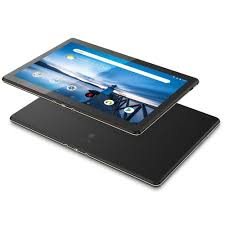 Dağıtılacak, tabletler yüzde 100 yerli tasarımla üretildi. Cok Satan En Iyi 7 Tablet Modelinin Fiyatlari Ve Ozellikleri Almadan Oku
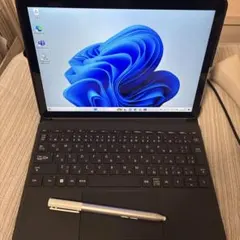 surface go3 RAM8GB 118GB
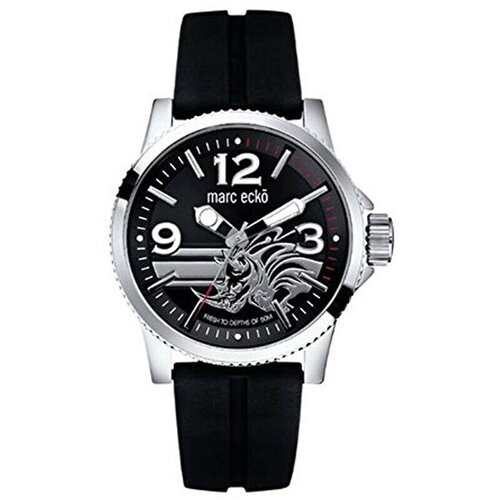 Marc Ecko Ura e08503g1 pisana Cene
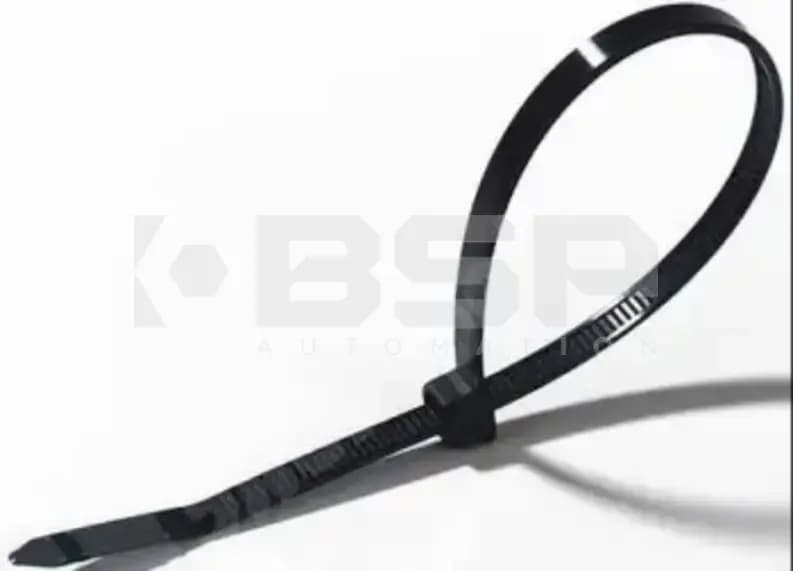 ABB 7TCA300020R0000 ABB 7TCA300020R0000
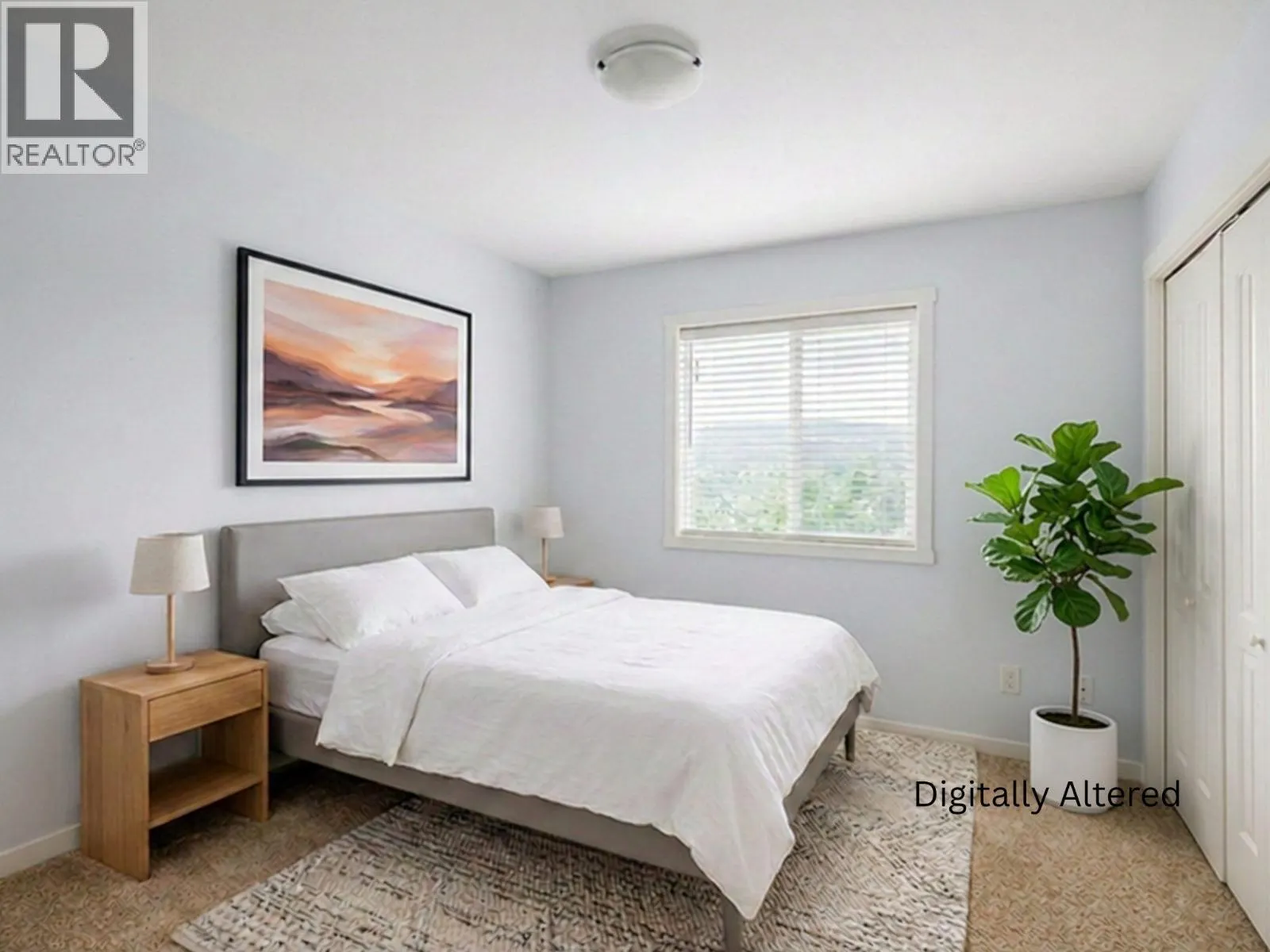 10349 Copper Hill Lane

+-------+

» **Task to carry out**: I'd like every record transcribed exactly, with no pictures carried over.

» **Solution for this task**:
 Dağıtılacak, tabletler yüzde 100 yerli tasarımla üretildi. Cok Satan En Iyi 7 Tablet Modelinin Fiyatlari Ve Ozellikleri Almadan Oku
 surface go3 RAM8GB 118GB
 Marc Ecko Ura e08503g1 pisana Cene
 ABB 7TCA300020R0000 ABB 7TCA300020R0000
 10349 Copper Hill Lane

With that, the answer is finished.